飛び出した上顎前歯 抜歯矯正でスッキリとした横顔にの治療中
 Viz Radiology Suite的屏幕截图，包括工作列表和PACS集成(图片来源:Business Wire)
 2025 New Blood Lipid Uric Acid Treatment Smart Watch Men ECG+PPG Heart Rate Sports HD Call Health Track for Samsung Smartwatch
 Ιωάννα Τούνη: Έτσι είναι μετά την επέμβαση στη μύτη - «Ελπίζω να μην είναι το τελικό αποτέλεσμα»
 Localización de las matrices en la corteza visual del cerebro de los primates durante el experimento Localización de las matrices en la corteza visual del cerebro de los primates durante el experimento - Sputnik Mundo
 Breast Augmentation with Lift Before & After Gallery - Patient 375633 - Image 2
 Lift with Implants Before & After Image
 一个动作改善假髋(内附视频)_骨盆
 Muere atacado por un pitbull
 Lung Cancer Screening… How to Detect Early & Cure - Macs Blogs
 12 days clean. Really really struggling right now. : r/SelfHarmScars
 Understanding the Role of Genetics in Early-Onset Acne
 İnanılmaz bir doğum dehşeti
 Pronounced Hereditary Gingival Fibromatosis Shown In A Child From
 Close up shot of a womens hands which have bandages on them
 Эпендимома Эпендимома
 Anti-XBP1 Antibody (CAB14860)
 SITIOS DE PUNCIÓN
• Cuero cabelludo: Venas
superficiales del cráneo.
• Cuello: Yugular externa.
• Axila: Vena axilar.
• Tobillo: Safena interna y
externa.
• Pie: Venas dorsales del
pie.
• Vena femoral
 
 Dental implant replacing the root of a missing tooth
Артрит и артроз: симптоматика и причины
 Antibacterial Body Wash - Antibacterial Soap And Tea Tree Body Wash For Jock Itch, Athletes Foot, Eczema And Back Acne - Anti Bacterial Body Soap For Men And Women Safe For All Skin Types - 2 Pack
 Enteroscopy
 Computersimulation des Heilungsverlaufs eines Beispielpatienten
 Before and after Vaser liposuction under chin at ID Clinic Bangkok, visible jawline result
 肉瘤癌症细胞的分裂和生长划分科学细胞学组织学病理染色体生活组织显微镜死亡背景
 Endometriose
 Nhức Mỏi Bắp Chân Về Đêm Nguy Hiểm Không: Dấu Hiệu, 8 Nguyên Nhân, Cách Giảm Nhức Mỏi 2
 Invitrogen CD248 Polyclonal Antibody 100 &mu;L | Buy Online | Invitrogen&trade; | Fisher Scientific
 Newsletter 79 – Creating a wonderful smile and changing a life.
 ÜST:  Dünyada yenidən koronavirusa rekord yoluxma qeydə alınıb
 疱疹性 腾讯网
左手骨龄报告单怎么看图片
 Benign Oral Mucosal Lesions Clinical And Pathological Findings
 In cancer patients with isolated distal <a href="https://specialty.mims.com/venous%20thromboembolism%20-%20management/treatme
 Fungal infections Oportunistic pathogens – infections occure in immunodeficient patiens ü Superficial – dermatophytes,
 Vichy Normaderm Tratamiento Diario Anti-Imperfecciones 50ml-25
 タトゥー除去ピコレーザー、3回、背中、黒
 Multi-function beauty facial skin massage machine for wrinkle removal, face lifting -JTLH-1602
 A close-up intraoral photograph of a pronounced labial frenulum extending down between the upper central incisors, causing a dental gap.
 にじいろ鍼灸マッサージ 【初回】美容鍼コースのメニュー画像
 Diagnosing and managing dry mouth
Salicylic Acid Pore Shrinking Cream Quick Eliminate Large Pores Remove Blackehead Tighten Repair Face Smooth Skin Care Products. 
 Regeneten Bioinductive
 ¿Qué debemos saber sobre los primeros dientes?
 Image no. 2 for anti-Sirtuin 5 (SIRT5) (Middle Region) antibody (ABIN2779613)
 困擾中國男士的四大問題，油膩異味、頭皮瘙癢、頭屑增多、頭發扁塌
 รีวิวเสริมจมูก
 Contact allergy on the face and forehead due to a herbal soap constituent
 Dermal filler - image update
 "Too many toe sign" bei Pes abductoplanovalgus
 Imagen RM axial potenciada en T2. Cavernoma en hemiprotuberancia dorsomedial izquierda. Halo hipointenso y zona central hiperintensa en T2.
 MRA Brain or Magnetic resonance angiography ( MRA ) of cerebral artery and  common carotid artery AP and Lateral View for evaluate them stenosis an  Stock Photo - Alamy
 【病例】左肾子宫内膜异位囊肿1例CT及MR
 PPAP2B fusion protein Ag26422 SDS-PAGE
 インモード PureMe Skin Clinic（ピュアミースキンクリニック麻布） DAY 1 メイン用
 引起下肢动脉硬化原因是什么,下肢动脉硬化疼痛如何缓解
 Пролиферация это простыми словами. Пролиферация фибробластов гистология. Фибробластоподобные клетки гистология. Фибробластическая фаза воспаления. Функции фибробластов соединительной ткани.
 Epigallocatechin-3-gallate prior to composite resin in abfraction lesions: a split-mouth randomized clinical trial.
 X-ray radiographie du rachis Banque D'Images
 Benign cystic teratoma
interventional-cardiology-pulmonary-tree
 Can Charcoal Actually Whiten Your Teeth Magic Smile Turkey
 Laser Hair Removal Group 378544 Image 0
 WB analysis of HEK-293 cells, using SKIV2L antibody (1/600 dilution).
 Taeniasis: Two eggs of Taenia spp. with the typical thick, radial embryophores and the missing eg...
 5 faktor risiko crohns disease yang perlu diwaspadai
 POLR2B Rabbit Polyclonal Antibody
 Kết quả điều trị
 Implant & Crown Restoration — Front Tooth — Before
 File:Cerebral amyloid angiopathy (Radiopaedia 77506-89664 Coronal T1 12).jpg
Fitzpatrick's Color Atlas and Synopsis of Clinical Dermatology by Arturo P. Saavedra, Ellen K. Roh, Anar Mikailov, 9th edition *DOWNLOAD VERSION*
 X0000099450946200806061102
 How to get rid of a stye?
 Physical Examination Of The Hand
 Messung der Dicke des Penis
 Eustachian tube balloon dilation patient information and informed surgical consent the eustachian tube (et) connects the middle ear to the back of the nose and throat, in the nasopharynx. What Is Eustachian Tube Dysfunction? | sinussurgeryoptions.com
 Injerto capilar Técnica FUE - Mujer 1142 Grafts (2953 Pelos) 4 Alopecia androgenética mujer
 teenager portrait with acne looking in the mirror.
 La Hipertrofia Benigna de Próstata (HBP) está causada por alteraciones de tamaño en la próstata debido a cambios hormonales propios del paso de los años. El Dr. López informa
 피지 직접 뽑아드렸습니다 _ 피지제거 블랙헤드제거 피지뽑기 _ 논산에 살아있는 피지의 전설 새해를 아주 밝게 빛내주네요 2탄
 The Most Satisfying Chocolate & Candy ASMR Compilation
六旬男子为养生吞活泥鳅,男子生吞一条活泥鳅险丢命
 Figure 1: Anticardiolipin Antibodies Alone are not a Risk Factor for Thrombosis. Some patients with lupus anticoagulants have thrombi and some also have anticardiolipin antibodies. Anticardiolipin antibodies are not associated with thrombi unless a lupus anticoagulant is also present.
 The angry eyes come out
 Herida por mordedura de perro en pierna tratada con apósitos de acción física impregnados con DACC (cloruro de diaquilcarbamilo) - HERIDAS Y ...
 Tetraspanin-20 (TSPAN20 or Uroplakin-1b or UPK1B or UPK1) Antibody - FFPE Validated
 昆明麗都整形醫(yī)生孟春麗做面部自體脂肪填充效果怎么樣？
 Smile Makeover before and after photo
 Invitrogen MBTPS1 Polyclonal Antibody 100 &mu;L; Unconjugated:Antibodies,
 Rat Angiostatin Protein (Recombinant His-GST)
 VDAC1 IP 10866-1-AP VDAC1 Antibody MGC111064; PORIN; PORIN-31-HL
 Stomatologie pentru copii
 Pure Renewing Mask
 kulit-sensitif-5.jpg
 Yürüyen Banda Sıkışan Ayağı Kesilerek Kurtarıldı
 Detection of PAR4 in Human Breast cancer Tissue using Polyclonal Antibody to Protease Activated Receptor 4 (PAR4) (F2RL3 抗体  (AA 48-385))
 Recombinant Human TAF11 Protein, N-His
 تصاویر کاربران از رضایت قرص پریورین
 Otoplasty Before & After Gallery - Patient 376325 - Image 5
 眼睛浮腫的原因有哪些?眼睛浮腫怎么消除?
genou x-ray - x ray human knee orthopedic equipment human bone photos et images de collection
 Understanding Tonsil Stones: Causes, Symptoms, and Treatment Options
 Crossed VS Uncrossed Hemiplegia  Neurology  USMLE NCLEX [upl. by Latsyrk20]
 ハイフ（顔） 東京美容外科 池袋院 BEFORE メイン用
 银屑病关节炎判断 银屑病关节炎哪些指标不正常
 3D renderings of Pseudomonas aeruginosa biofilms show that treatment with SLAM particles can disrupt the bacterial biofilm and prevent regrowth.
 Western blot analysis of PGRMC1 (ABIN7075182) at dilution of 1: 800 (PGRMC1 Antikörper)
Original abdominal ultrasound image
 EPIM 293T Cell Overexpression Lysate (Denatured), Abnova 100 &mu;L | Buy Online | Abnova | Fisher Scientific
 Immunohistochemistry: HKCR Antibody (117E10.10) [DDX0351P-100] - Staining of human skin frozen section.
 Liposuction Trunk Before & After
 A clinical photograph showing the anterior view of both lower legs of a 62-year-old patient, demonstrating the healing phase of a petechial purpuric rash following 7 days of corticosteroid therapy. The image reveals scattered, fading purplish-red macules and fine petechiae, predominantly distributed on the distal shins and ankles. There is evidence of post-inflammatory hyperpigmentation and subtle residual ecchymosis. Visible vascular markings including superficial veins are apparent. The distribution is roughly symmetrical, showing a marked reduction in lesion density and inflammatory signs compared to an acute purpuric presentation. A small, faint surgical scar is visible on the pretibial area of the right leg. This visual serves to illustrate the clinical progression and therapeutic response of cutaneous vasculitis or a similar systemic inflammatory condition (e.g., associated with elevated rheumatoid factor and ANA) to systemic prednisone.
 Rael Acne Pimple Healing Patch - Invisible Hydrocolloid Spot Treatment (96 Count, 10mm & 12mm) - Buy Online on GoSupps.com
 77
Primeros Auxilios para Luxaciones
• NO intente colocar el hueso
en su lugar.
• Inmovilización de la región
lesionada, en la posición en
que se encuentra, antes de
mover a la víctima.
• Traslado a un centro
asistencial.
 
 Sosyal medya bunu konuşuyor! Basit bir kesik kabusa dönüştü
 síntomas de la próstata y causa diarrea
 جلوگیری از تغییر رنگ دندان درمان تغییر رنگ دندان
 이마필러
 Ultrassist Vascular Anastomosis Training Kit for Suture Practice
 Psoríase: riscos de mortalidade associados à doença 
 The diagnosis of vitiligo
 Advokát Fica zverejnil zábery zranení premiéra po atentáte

[What the task requires]:
For every line of the records that has the word "Scientific" in it, make a copy.

[Response area]:
 Invitrogen CD248 Polyclonal Antibody 100 &mu;L | Buy Online | Invitrogen&trade; | Fisher Scientific
 EPIM 293T Cell Overexpression Lysate (Denatured), Abnova 100 &mu;L | Buy Online | Abnova | Fisher Scientific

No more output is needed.